Similarly, it should be appreciated that in the foregoing description of embodiments of the present disclosure, various features are sometimes grouped together in a single embodiment, figure, or description thereof for the purpose of streamlining the disclosure aiding in the understanding of one or more of the various embodiments. This method of disclosure, however, is not to be interpreted as reflecting an intention that the claimed subject matter requires more features than are expressly recited in each claim. Rather, claim subject matter lie in less than all features of a single foregoing disclosed embodiment.

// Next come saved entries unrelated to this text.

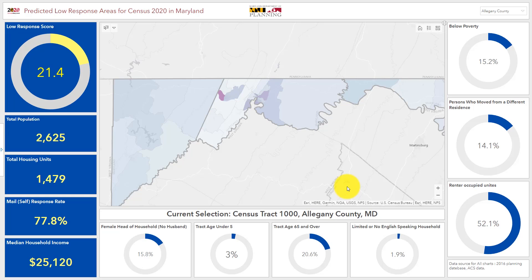Hello, this is Chris Gower. I am a GIS consultant here at Maryland Department of Planning, and today I'll be walking you through how to use the Census Low Response Rate Dashboard for Maryland.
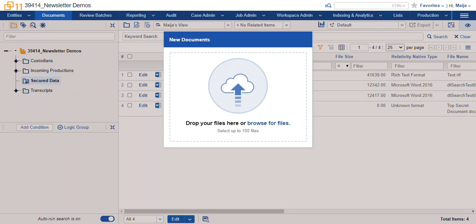Hi, this is Maya with Ricoh. This video is about the simple file upload feature in Relativity.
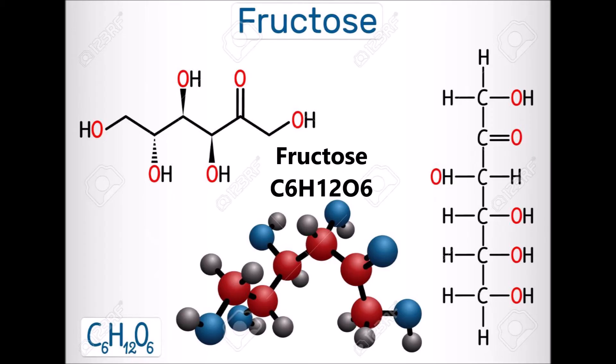You'll notice that fructose, the next sugar we're going to talk about, also has C6H12O6, but instead of being arranged in a ring, it's arranged in a line. As I said, these are the two most common sugars.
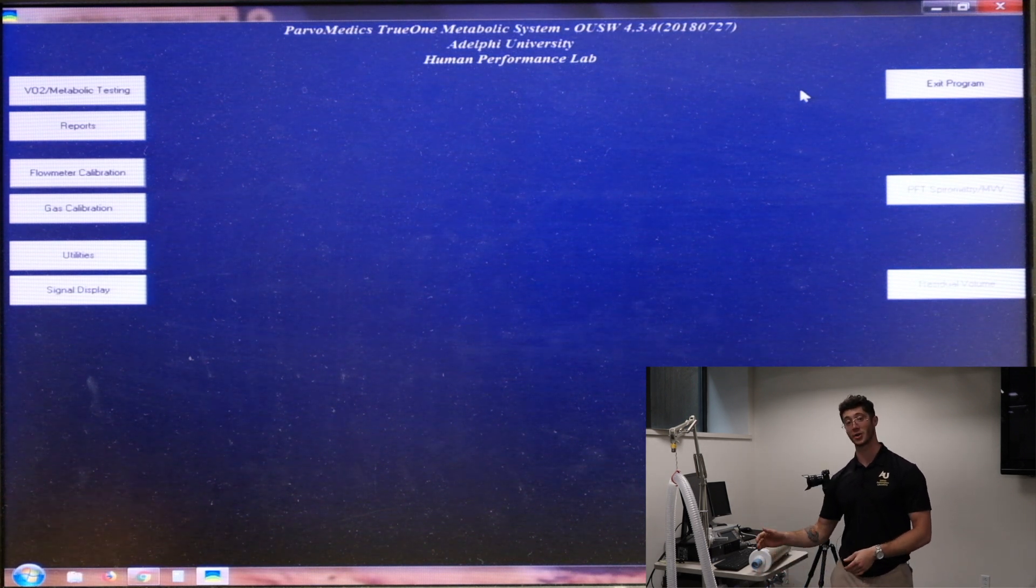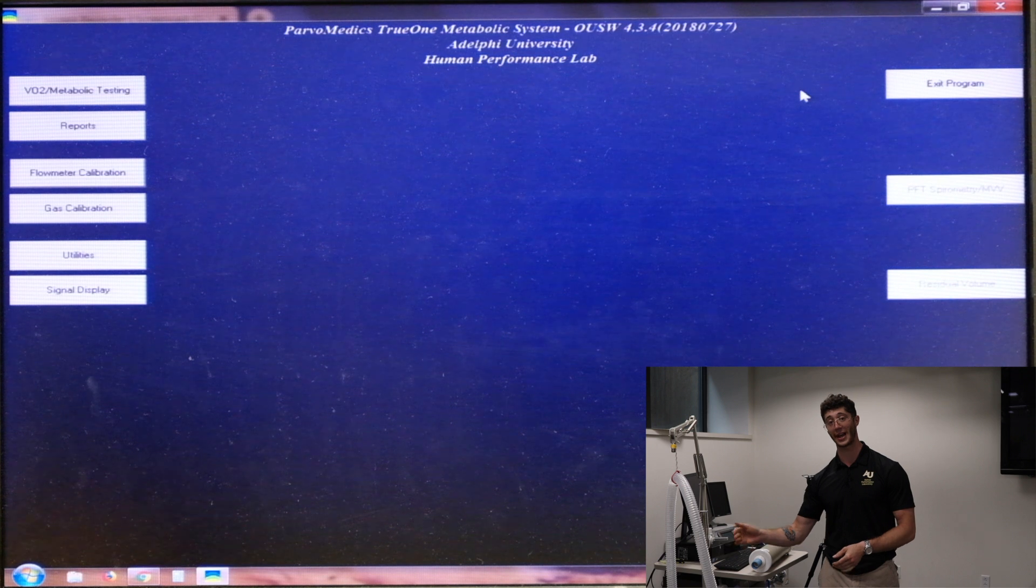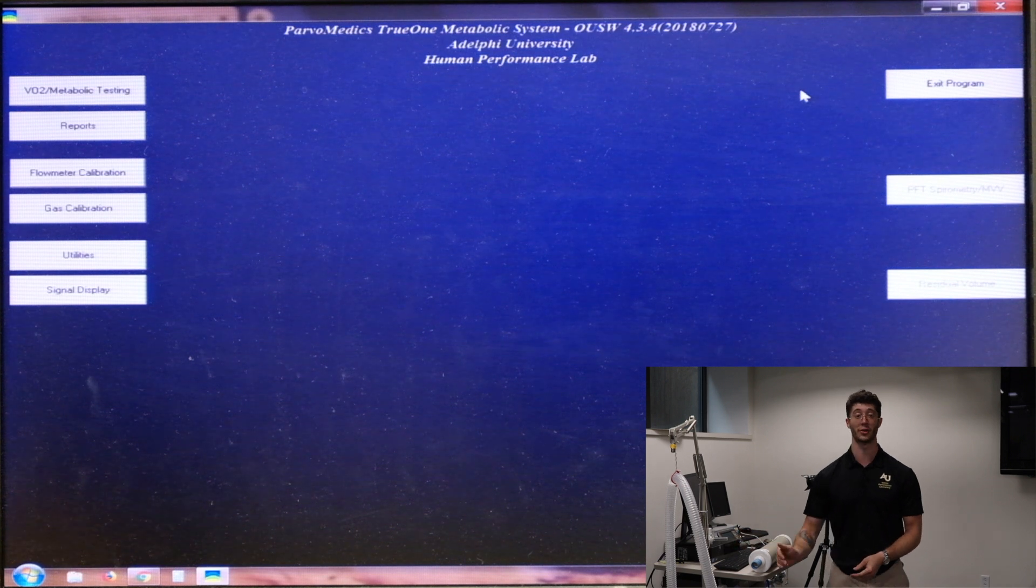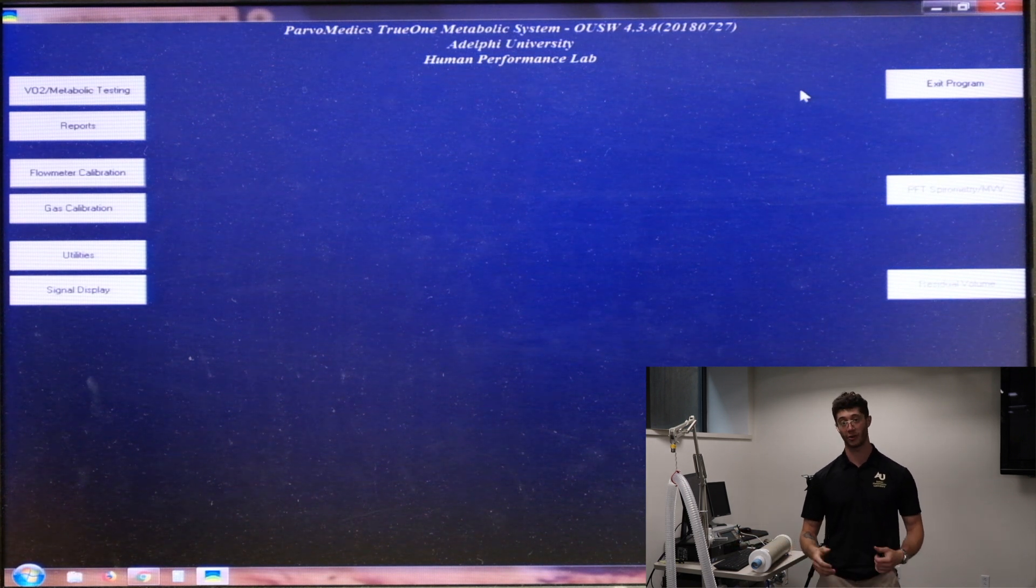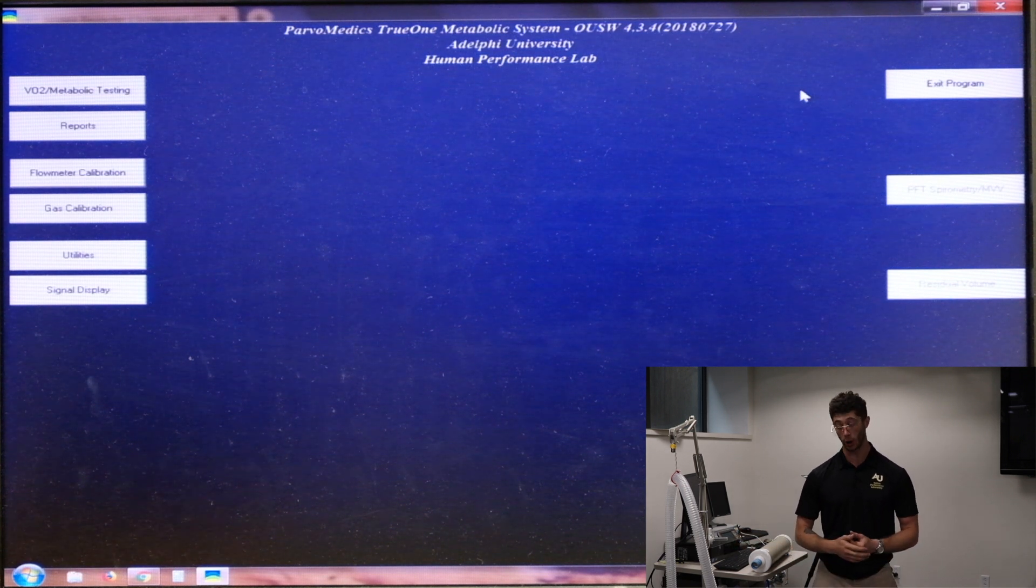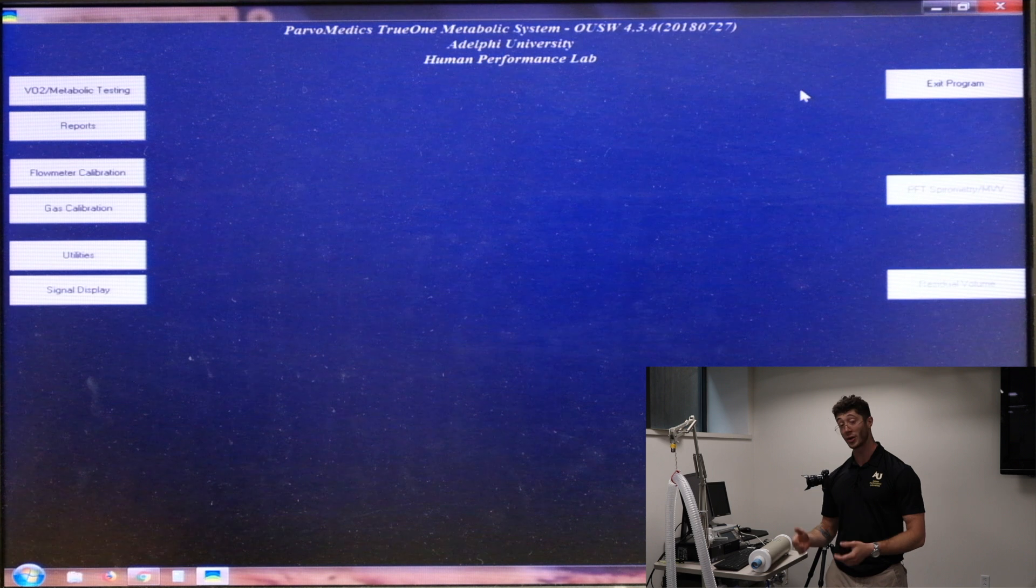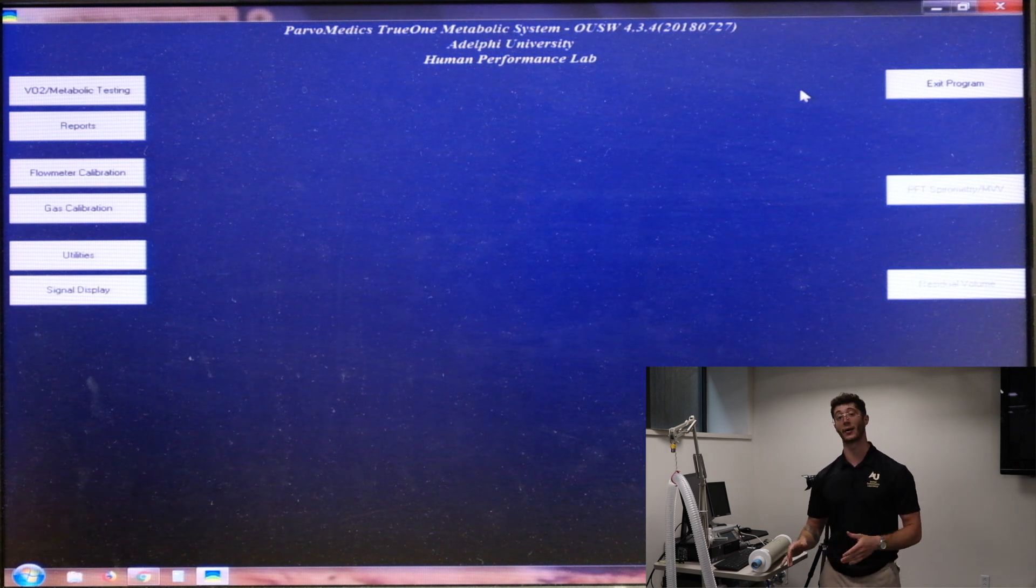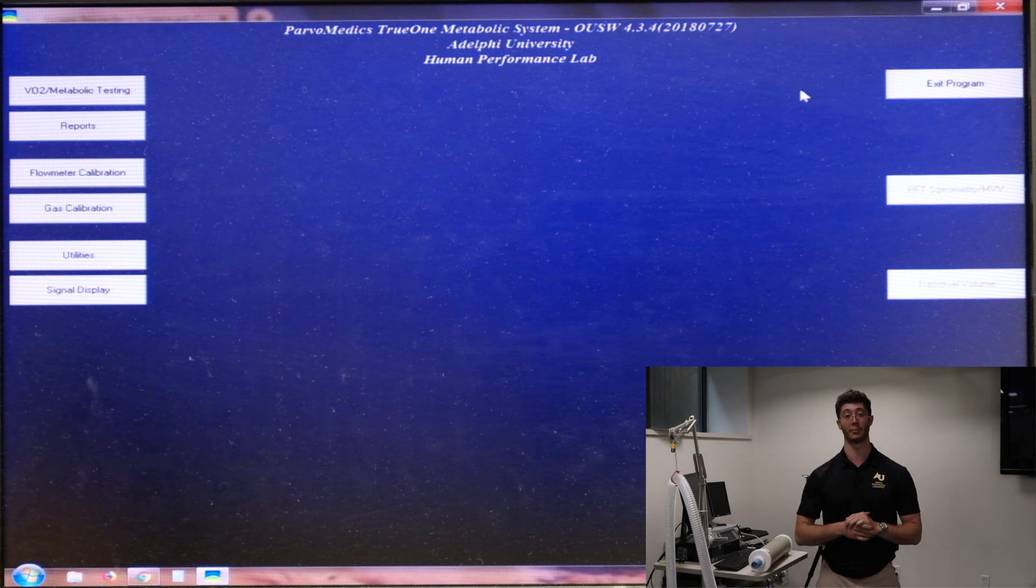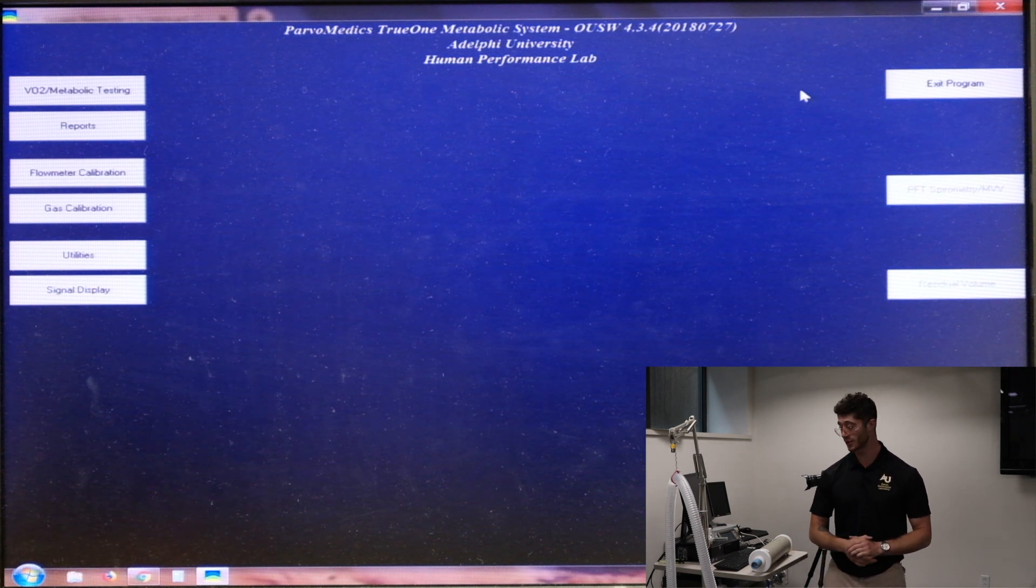So the Metcart switch is on the back, the heater switch is on the front, and then we need to let it warm up for about a half an hour. Once that half an hour has elapsed we can start our calibration process.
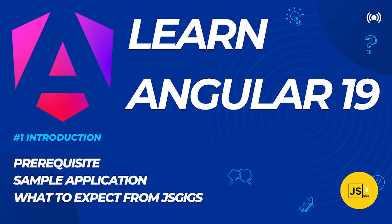Hello everyone, welcome to JS Gigs and my name is Deepak. In this tutorial we are going to be talking about Angular 19, the newly released Angular version, and what are the new things which have been introduced in Angular 19 by the Angular team.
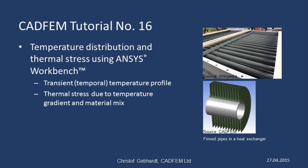Welcome to the CADFIM ANSYS Tutorials. In presentation number 16, we shall be looking at how to use ANSYS Workbench to calculate a transient temperature distribution, i.e. a temperature that varies over time. And we shall also look at the resultant thermal stress.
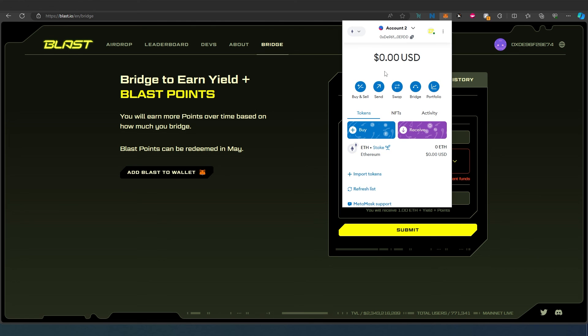That's how easy it is to bridge from ETH to Blast network. Thanks for watching!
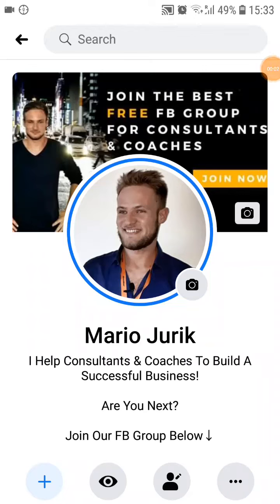Yo, what's up champs, it's Mario here. Today we are going to talk about how to generate free leads on Facebook for your business, so get excited. Before we get started, make sure you subscribe to my YouTube channel so I can help you succeed — because I don't want you to learn the hard way. When I was starting out I was lost and stuck, and I don't want that to happen to you.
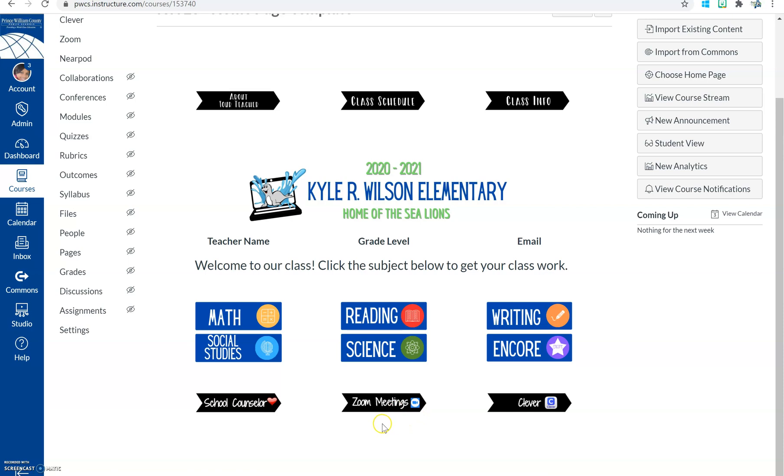Once you click it, you're just going to wait for your teacher to open her meeting or his or her meeting and let you in. And that's it. You'll be ready for your first meeting.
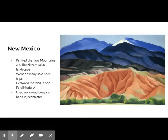In 1929, O'Keeffe traveled to New Mexico with her friend Rebecca Strand. There, she painted the Taos Mountains and the New Mexico landscape. She went on many packed trips, exploring the rugged mountains and deserts of the region. After this trip, O'Keeffe began spending nearly every year working in New Mexico.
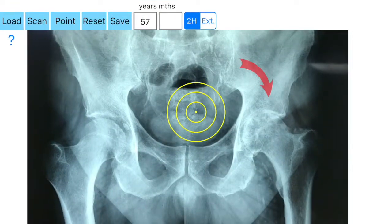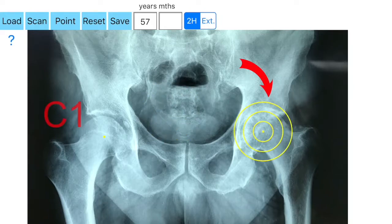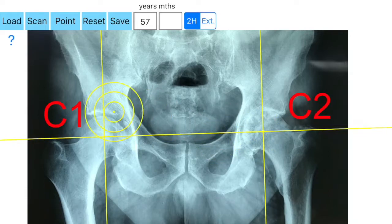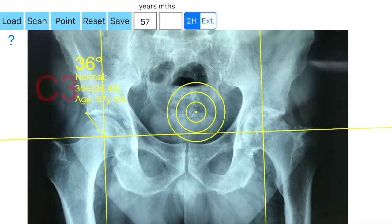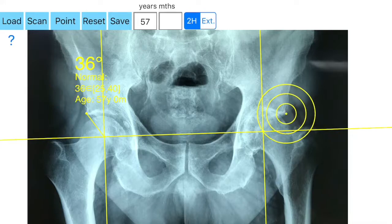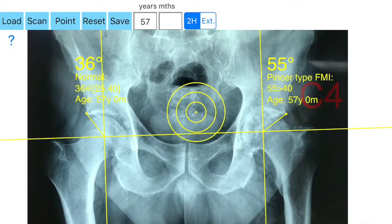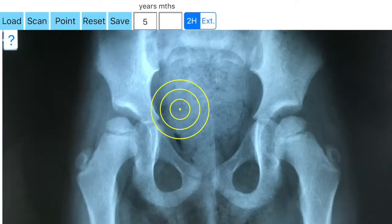A 57-year-old man presenting with pain on the left hip. X-ray revealed arthritis. C1 and C2 were identified, and C3 right and C4 left automatically measured. The C angle value is printed on screen and compared with the reference database according to the age of the patient. The right hip is normal, but the left hip has revealed pincer-type femoroacetabular impingement, which explains the premature arthritis on the left.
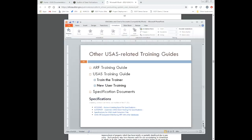Some other USAS-related training guides: we have an ARF training guide for those districts that use ARF, which goes through all the different options in the ARF program as well as the ARRPT ARF reports. The USAS training guide covers basically everything in USAS — we use it for train-the-trainer and for new user training. You can break out and print off certain sections of this training guide for training. We also have a specifications document, and the different spec manuals available include one for ACLOAD, one for autopost, one for USAS audit extraction files, and one for the ARF subsystem.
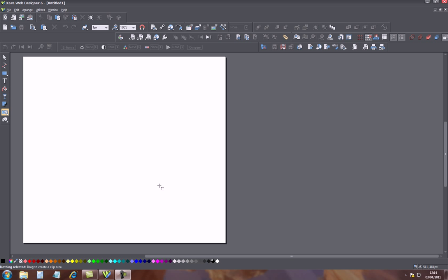Hi and welcome to my Zara 6 tutorial. Today I will show you a basic website, how to actually make a two page website. I will show you exactly how easy it is in Zara 6. So let's get started.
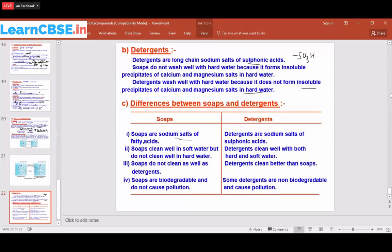The differences between soaps and detergents: soaps are sodium salts of fatty acids, while detergents are sodium salts of sulfonic acids. Soaps clean well in soft water but do not clean well in hard water, whereas detergents clean well in both hard and soft water because of the presence of sulfonic acids. Overall, detergents clean better than soaps.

In some embodiments, the numbers expressing quantities or properties used to describe and claim certain embodiments of the application are to be understood as being modified in some instances by the term “about,” “approximate,” or “substantially.” For example, “about,” “approximate,” or “substantially” may indicate a certain variation (e.g., ±1%, 15%, 110%, or ±20%) of the value it describes, unless otherwise stated. Accordingly, in some embodiments, the numerical parameters set forth in the written description and attached claims are approximations that may vary depending upon the desired properties sought to be obtained by a particular embodiment. In some embodiments, the numerical parameters should be construed in light of the number of reported significant digits and by applying ordinary rounding techniques. Notwithstanding that the numerical ranges and parameters setting forth the broad scope of some embodiments of the application are approximations, the numerical values set forth in the specific examples are reported as precisely as practicable. In some embodiments, a classification condition used in classification or determination is provided for illustration purposes and modified according to different situations. For example, a classification condition that “a value is greater than the threshold value” may further include or exclude a condition that “the probability value is equal to the threshold value.”